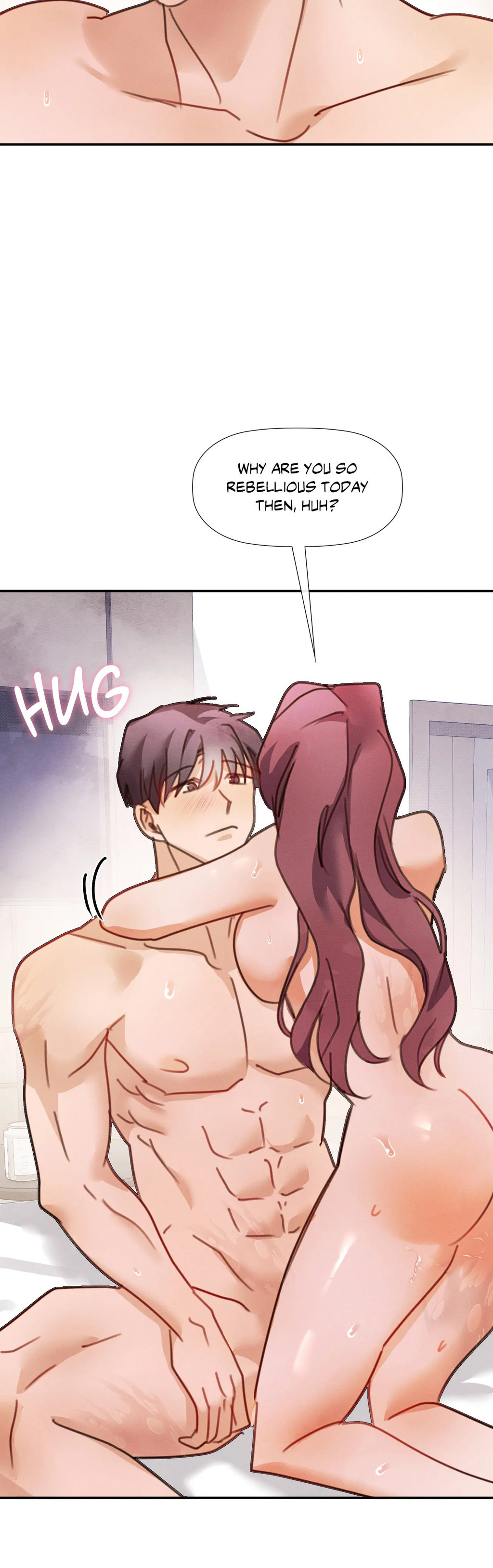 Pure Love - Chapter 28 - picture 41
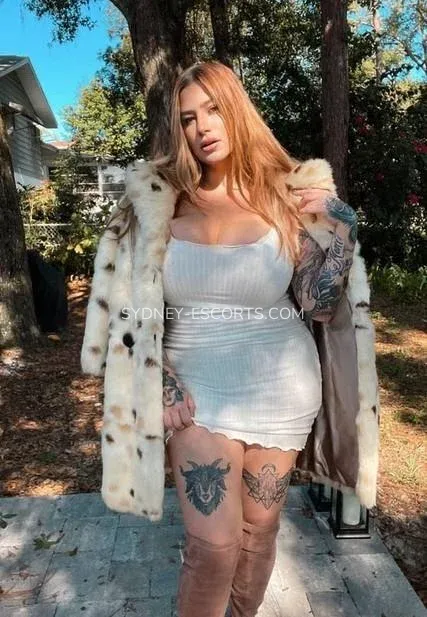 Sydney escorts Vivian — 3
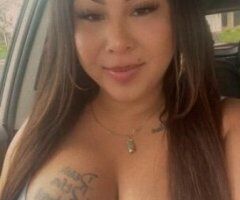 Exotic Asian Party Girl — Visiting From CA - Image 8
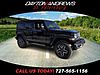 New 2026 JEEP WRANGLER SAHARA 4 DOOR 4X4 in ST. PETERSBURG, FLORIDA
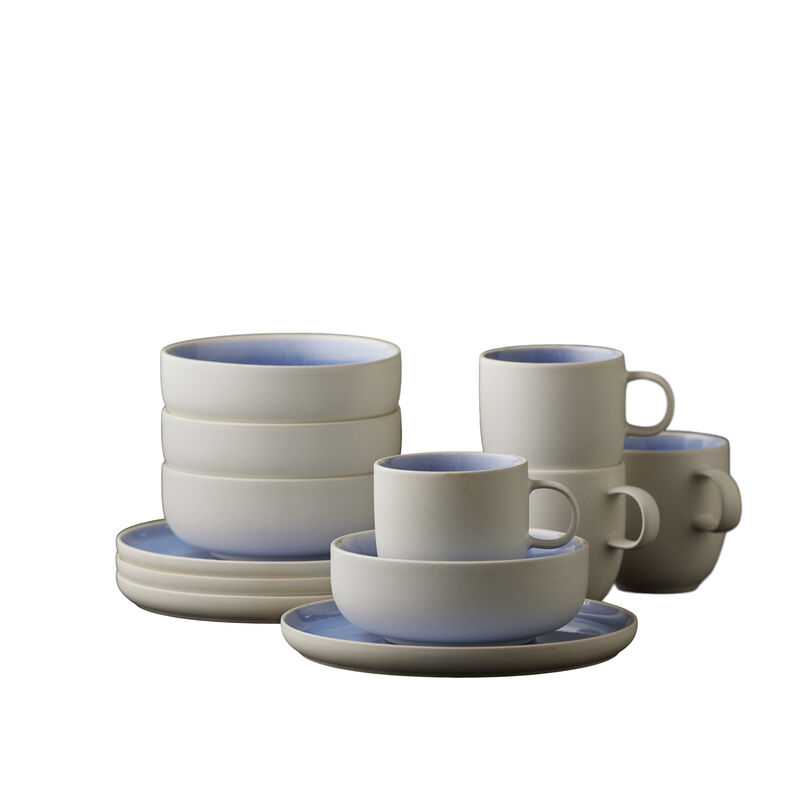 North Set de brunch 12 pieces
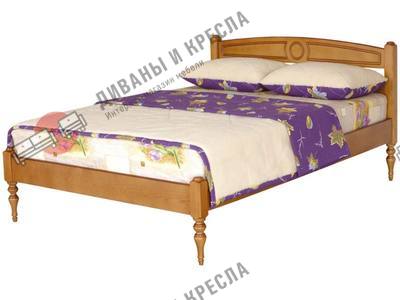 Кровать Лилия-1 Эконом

-----

**Required work:** Word for word, quote the full listing, omitting every picture.

**Answer to this exercise:**
 Pure Love - Chapter 28 - picture 41
 Sydney escorts Vivian — 3
 Exotic Asian Party Girl — Visiting From CA - Image 8
 New 2026 JEEP WRANGLER SAHARA 4 DOOR 4X4 in ST. PETERSBURG, FLORIDA
 North Set de brunch 12 pieces
 Кровать Лилия-1 Эконом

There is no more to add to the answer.